Peritoneal fibrosis was induced by injection of chlorhexidine gluconate (CG) into the peritoneal cavity of mice every other day for 3 weeks. An analog of vitamin D, 22-oxacalcitriol (OCT), was administered subcutaneously daily from initiation of the CG injections. The peritoneal tissue was excised at 3 weeks. Changes in morphology were assessed by hematoxylin and eosin staining. Expression of VDR, alpha smooth muscle actin (as a marker of myofibroblasts), type III collagen, transforming growth factor β(TGF-β), phosphorylated Smad2/3, F4/80 (as a marker of macrophages), and monocyte chemoattractant protein-1 (MCP-1) was examined by immunohistochemistry. Southwestern histochemistry was used to detect activated nuclear factor κB (NF-κB).

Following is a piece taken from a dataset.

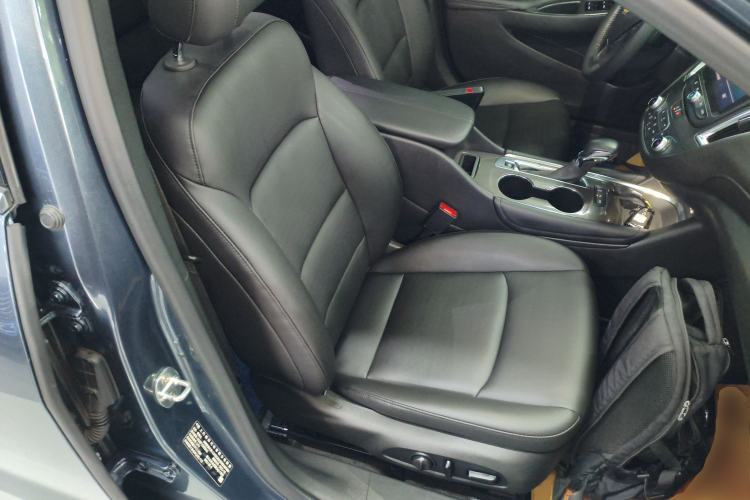 Used Chevrolet Malibu XL 2022 535T Automatic Sport Edition Right Front Seat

In the CG-injected mice, immunohistochemical analysis revealed expression of VDR in mesothelial cells, myofibroblasts, and macrophages in the thickened submesothelial zone. Treatment with OCT significantly prevented peritoneal fibrosis and reduced the accumulation of type III collagen in CG-treated mice. Among the markers of fibrosis, the numbers of myofibroblasts, cells positive for TGF-β, and cells positive for phosphorylated Smad2/3 were significantly decreased in the OCT-treated group compared with the vehicle-treated group. Furthermore, OCT suppressed inflammatory mediators of fibrosis, as shown by the reduced numbers of activated NF-κB cells, macrophages, and MCP-1-expressing cells.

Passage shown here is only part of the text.